Start of Source data

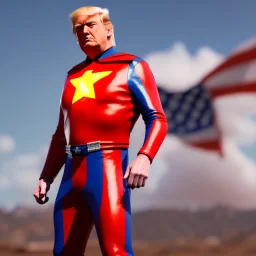 Realistic image of Donald trump super hero, retro style, watchmen style, red white blue colors, white stars, suspenders, latex material, 80s, vibrant color, highly detailed, sky background, concept art, unreal engine 5, god rays, ray tracing, RTX, lumen lighting, ultra detail, volumetric lighting, 3d, finely drawn, high definition, high resolution.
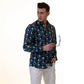 Black White Blue Skulls Mens Slim Fit Designer French Cuff Shirt -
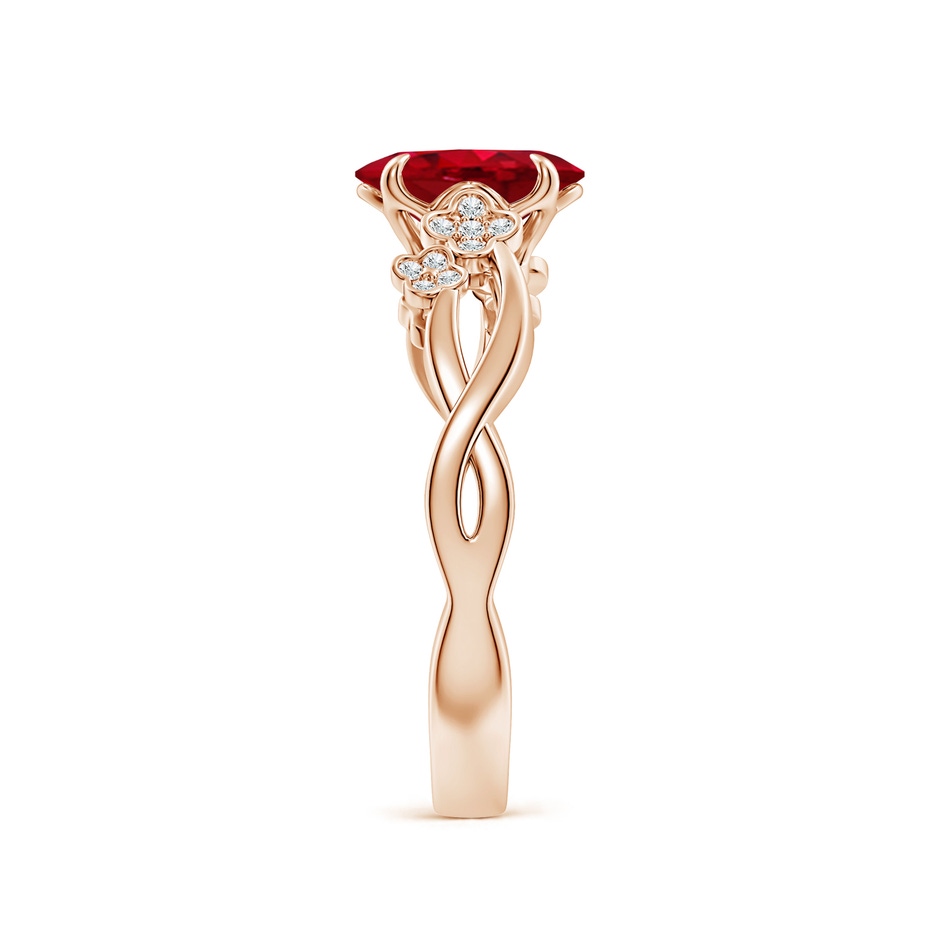 8x6mm AAA Nature-Inspired Oval Ruby Floral Engagement Ring in Rose Gold side 299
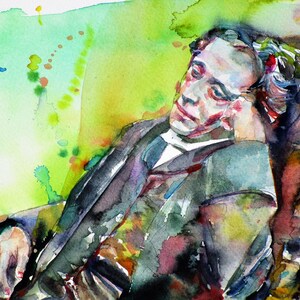 LEWIS CARROLL aquarelle portrait - POSTER - différentes tailles disponibles! Art Print Works Écrivain Auteur Travail Alice dans Wonderlad Work Book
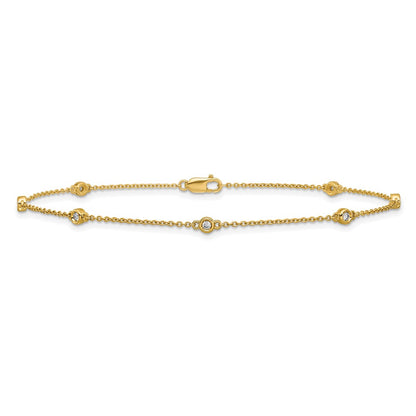 14K Yellow Gold Complete 1/6 carat Bezel-set Diamond and Cable Chain 7-Station 9 Inch Anklet
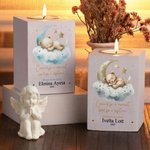 Henkilökohtainen akvarelli Sleeping Bear puinen kynttilä purkki nimi ja päivämäärä Home Decor Memorial lahja menetys vauva perheen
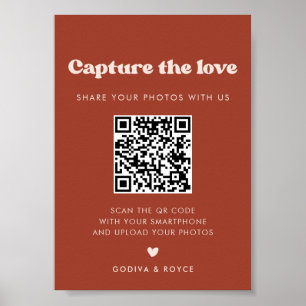 Poster Na moda retro Terracotta Capture o sinal de amor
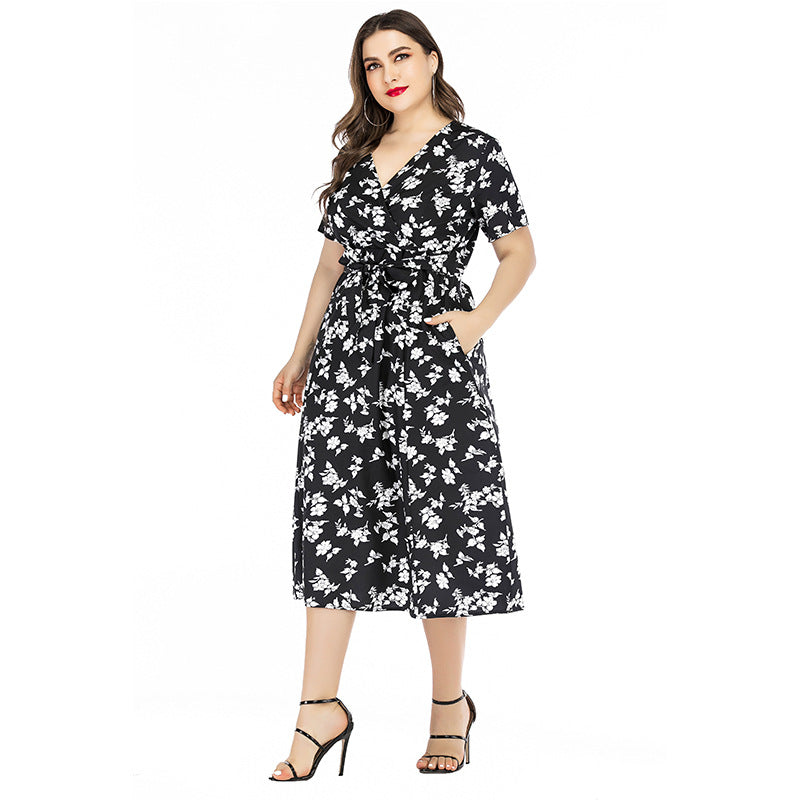 V Neck Casual Short Sleeve Curvy Floral Dresses Wholesale Plus Size Clothing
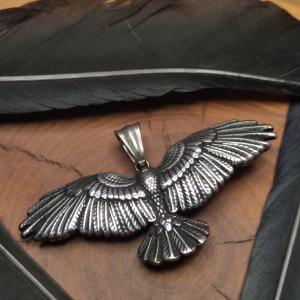 RAVEN pendant - a flying raven or crow amulet 2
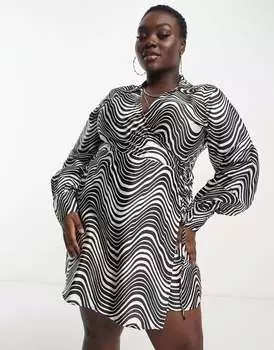 Атласное мини-платье с запахом и запахом Violet Romance Plus с водоворотным принтом Violet Romance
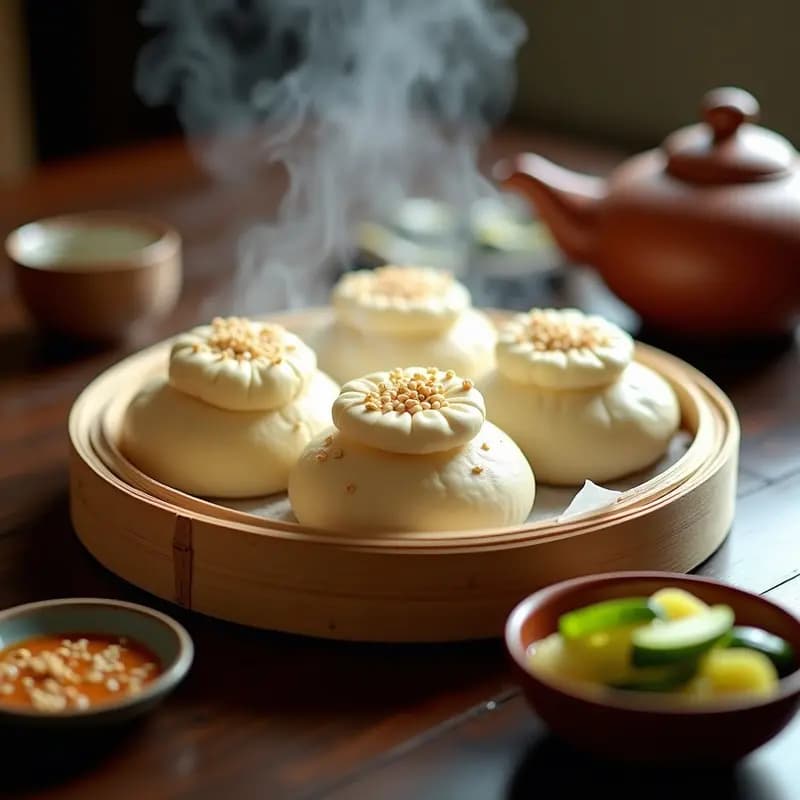 Bao Buns de Pollo al Vapor con Pepinillos en Vinagre: Receta China en Thermomix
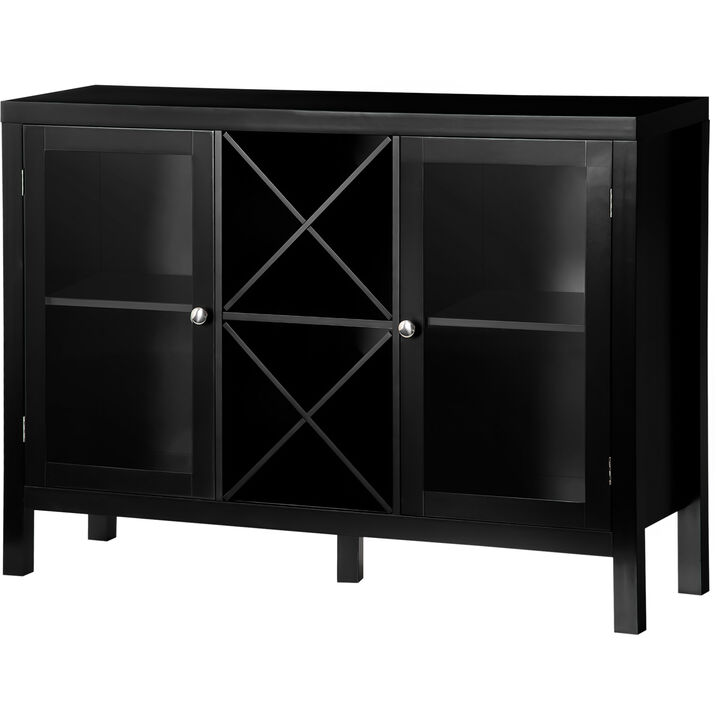 HOMCOM Coffee Bar Cabinet, Sideboard Buffet Cabinet with Removable Wine Rack, Tempered Glass Door and Adjustable Shelves, Wine Cabinet for Living Room, Kitchen, Entryway, Black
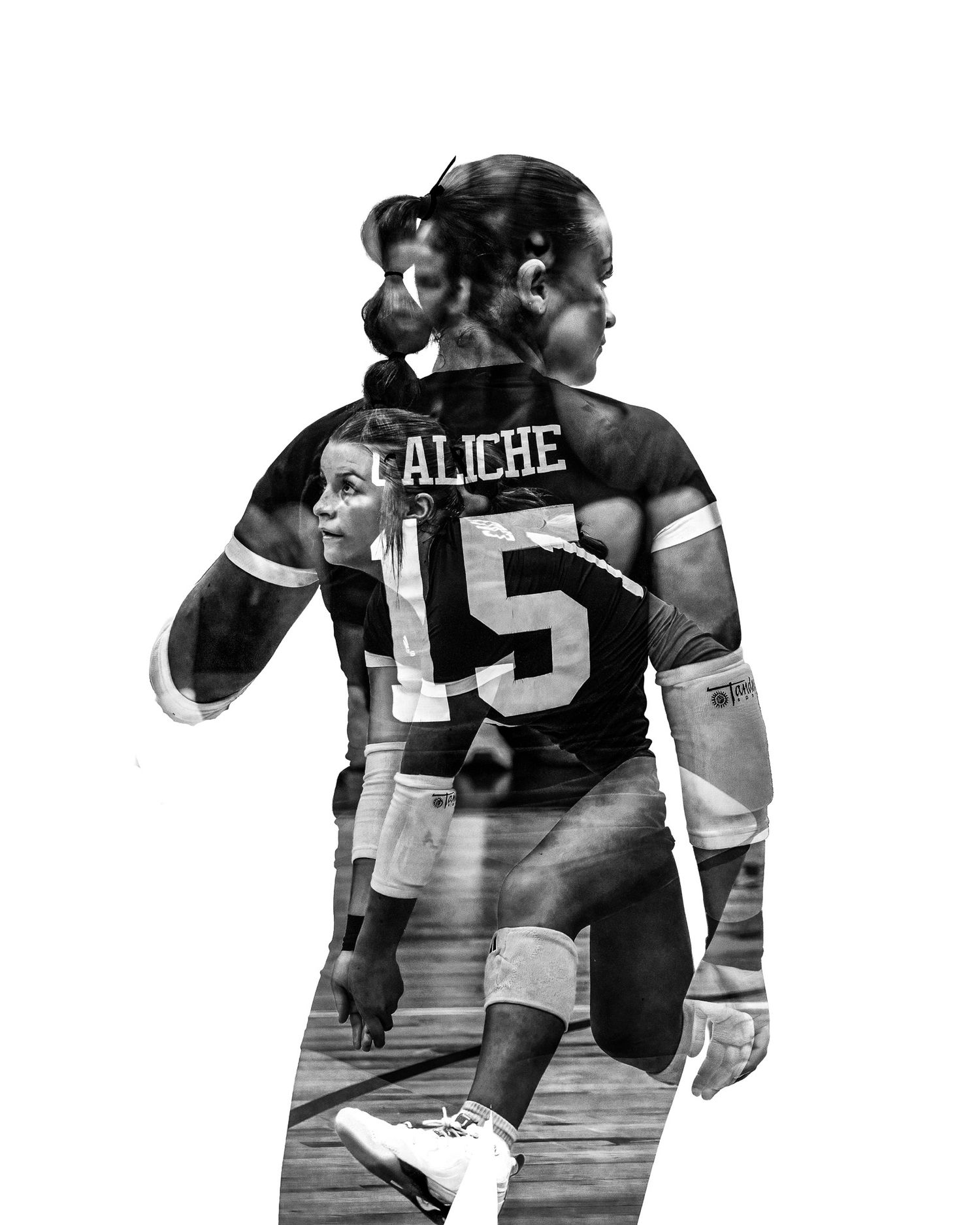 Black and white double exposure of volleyball player wearing Laliche number 15 jersey on court.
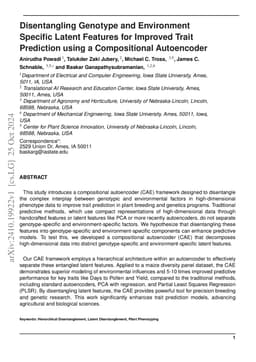 Disentangling Genotype and Environment Specific Latent Features for
  Improved Trait Prediction using a Compositional Autoencoder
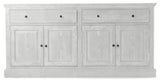 70" Traditional Oak Sideboard Buffet, Bright White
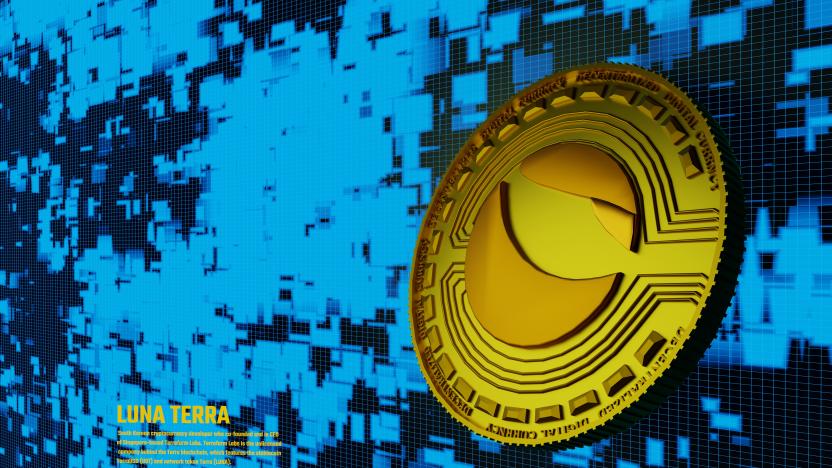 Terra (LUNA) crypto currency token logo on coin technology themed design.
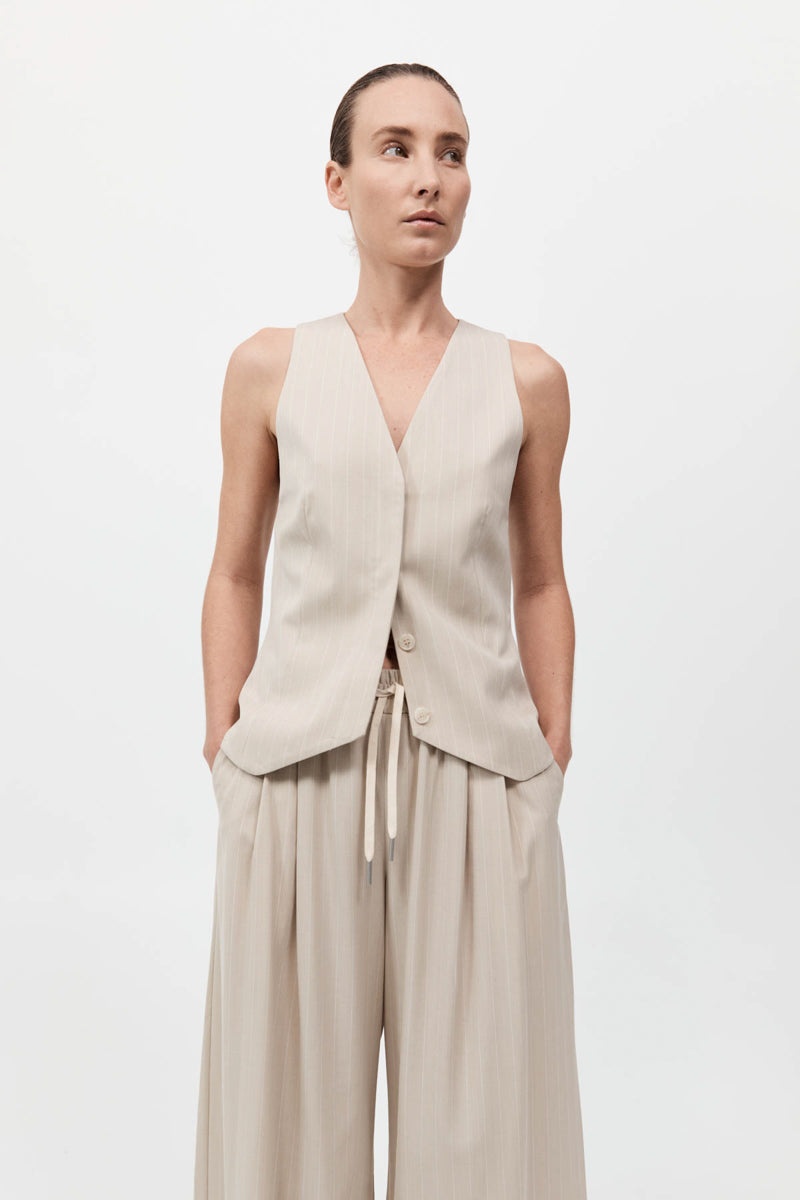 Pinstripe Wool Vest - Latte - 2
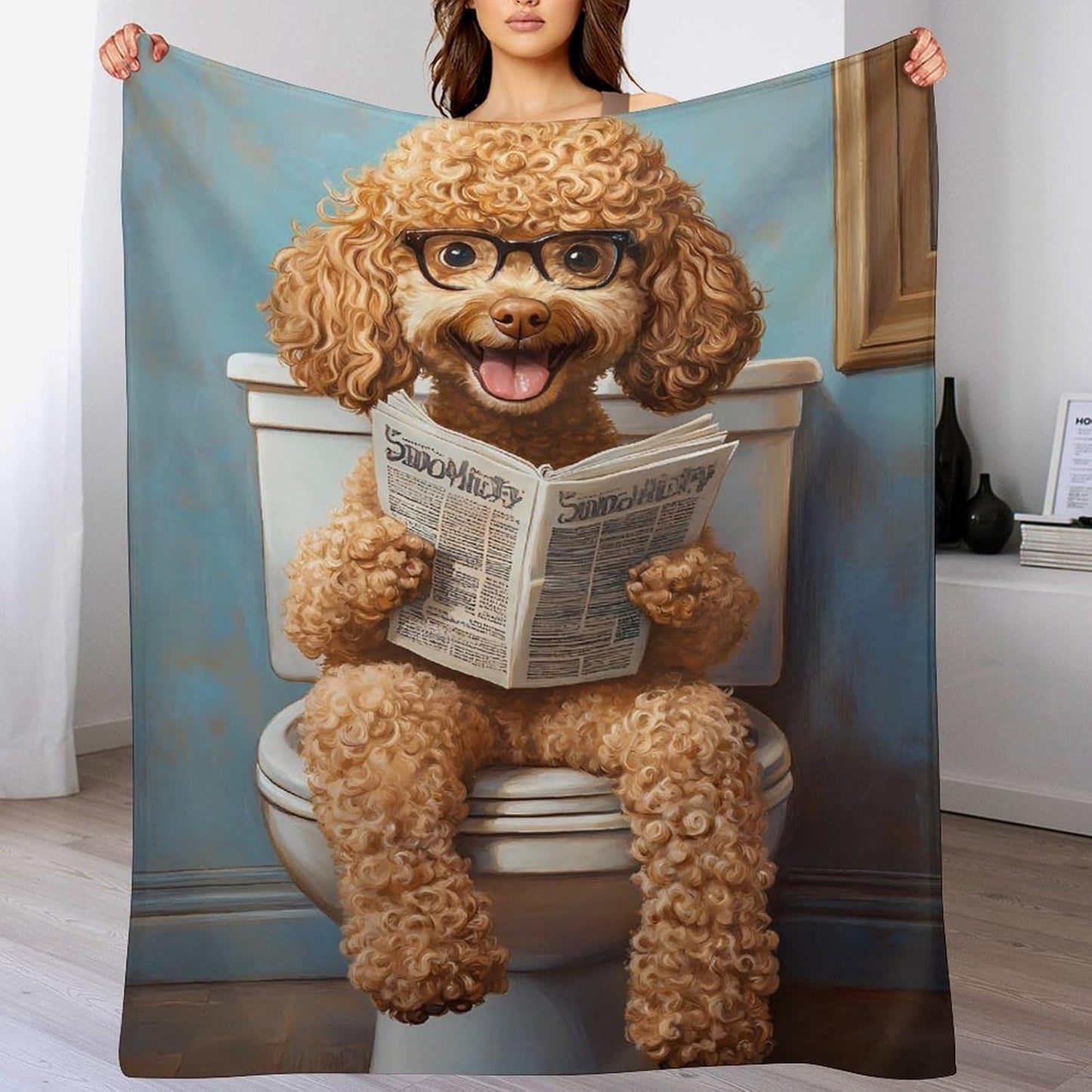 Goldendoodle on Toilet Reading Newspaper Funny Throw Blanket Flannel Cozy Plush Blankets for Couch Sofa Bedroom Travel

End of Source data

#### [Action item]
Transcribe all records verbatim and omit each image.

#### [Your response]
 Realistic image of Donald trump super hero, retro style, watchmen style, red white blue colors, white stars, suspenders, latex material, 80s, vibrant color, highly detailed, sky background, concept art, unreal engine 5, god rays, ray tracing, RTX, lumen lighting, ultra detail, volumetric lighting, 3d, finely drawn, high definition, high resolution.
 Black White Blue Skulls Mens Slim Fit Designer French Cuff Shirt -
 8x6mm AAA Nature-Inspired Oval Ruby Floral Engagement Ring in Rose Gold side 299
 LEWIS CARROLL aquarelle portrait - POSTER - différentes tailles disponibles! Art Print Works Écrivain Auteur Travail Alice dans Wonderlad Work Book
 14K Yellow Gold Complete 1/6 carat Bezel-set Diamond and Cable Chain 7-Station 9 Inch Anklet
 Henkilökohtainen akvarelli Sleeping Bear puinen kynttilä purkki nimi ja päivämäärä Home Decor Memorial lahja menetys vauva perheen
 Poster Na moda retro Terracotta Capture o sinal de amor
 V Neck Casual Short Sleeve Curvy Floral Dresses Wholesale Plus Size Clothing
 RAVEN pendant - a flying raven or crow amulet 2
 Атласное мини-платье с запахом и запахом Violet Romance Plus с водоворотным принтом Violet Romance
 Bao Buns de Pollo al Vapor con Pepinillos en Vinagre: Receta China en Thermomix
 HOMCOM Coffee Bar Cabinet, Sideboard Buffet Cabinet with Removable Wine Rack, Tempered Glass Door and Adjustable Shelves, Wine Cabinet for Living Room, Kitchen, Entryway, Black
 Black and white double exposure of volleyball player wearing Laliche number 15 jersey on court.
 Disentangling Genotype and Environment Specific Latent Features for
  Improved Trait Prediction using a Compositional Autoencoder
 70" Traditional Oak Sideboard Buffet, Bright White
 Terra (LUNA) crypto currency token logo on coin technology themed design.
 Pinstripe Wool Vest - Latte - 2
 Goldendoodle on Toilet Reading Newspaper Funny Throw Blanket Flannel Cozy Plush Blankets for Couch Sofa Bedroom Travel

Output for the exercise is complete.